Supervisor Elham AbolFateh
Editor in Chief Mohamed Wadie

Moscow: Russian Nuclear Submarine Tests Launch of 4 Ballistic Missiles


Sat 12 Dec 2020 | 09:32 PM
H-Tayea

On Saturday, a Russian nuclear submarine successfully tested the launching of four intercontinental ballistic missiles in a demonstration of the country's nuclear forces readiness amid tension with the U.S.

In a statement, the Russian Defense Ministry said that Vladimir Monomakh submarine launched four Bulava missiles in quick succession from an underwater position in the Sea of Okhotsk.

The ministry added that the the missiles hit their designated targets on the Chiza shooting range in the Arkhangelsk region in northwestern Russia more than 5,500 kilometers (over 3,400 miles) away.

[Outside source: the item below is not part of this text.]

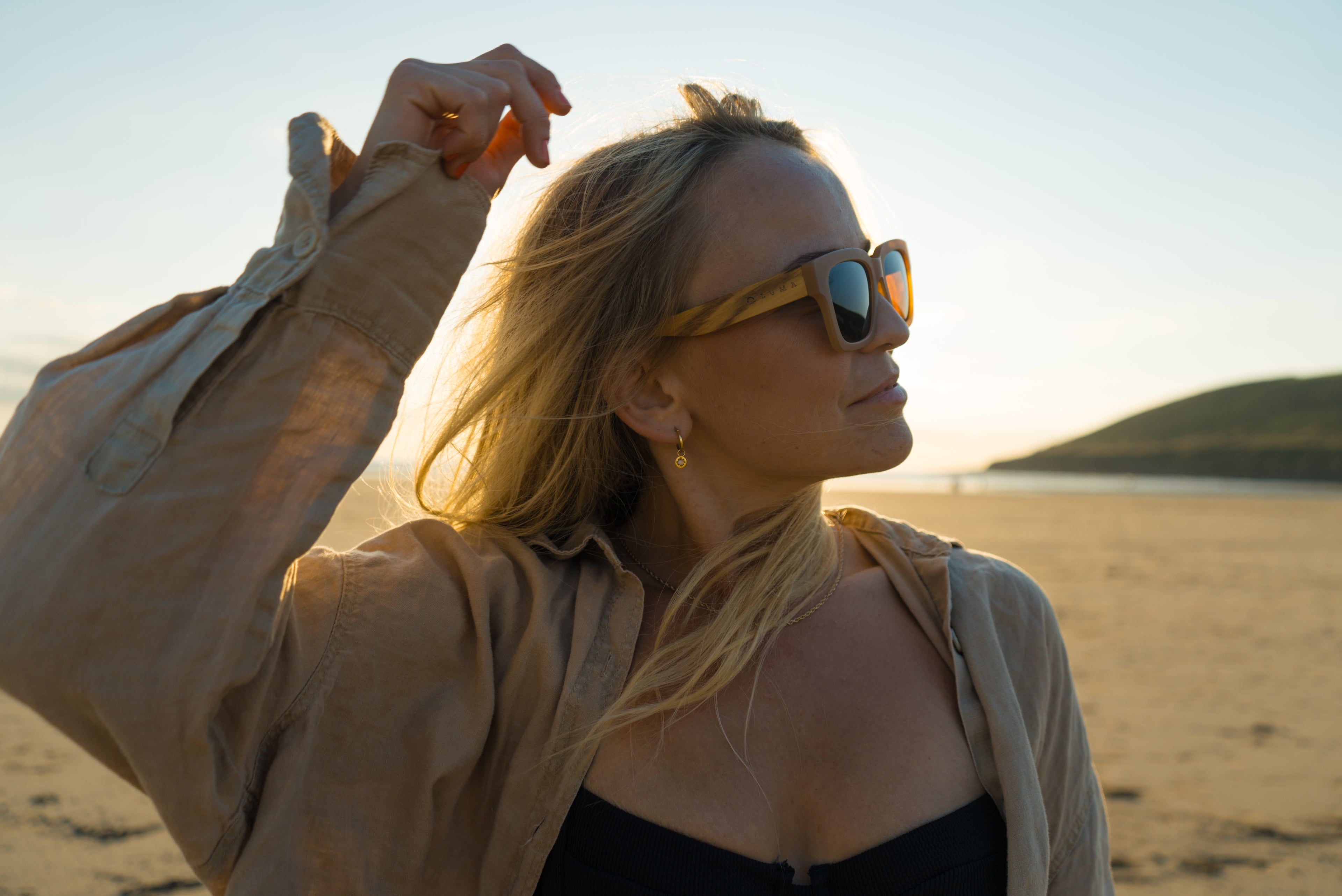 Eco-friendly sunglasses on lady on a beach in Cornwall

The Vladimir Monomakh is one of the new Borei-class nuclear submarines that carry 16 Bulava missiles each and are intended to serve as the core of the naval component of the nation’s nuclear forces for decades to come. Another submarine of the same type performed a similar launch of four Bulava missiles in 2018 — a costly demonstration of the efficiency of the country’s nuclear deterrent mimicking the conditions of a major nuclear conflict.

In a report to President Vladimir Putin, Defense Minister Sergei Shoigu said that Saturday’s launch wrapped up large-scale drills of Russia’s strategic nuclear forces that began Wednesday.

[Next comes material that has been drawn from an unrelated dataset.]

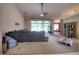 Spacious living room with carpet, ceiling fan, view of the enclosed patio, and an open layout at 3234 Morven Dr, Spring Hill, FL 34609
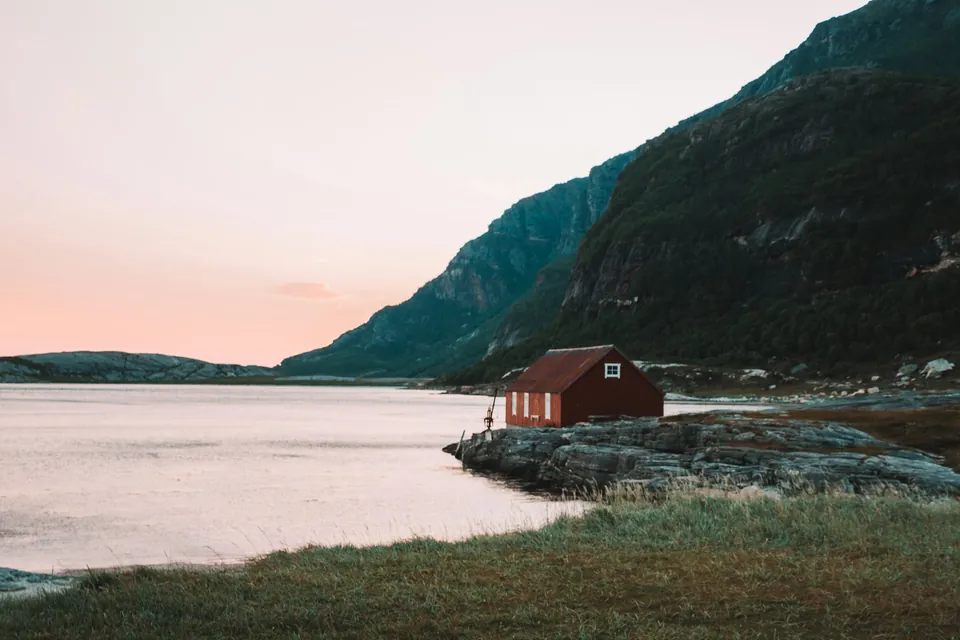 A peaceful waterfront scene in near Bodø, Norway, with a small fisherman’s hut on the water’s edge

As part of those maneuvers, another Russian nuclear submarine also performed a practice launch of an intercontinental ballistic missile from the Barents Sea, a ground-based ICBM was launched from the Plesetsk facility in northwestern Russia and Tu-160 and Tu-95 strategic bombers fired cruise missiles at test targets at an Arctic range.

Russia has expanded its military drills in recent years amid tensions with the West as relations have sunk to post-Cold War lows after Moscow’s 2014 annexation of Ukraine’s Crimean Peninsula.

The series of missile launches comes less than two months before the New START U.S.-Russian arms control treaty expires in early February. Moscow and Washington have discussed the possibility of its extension, but so far have failed to overcome their differences.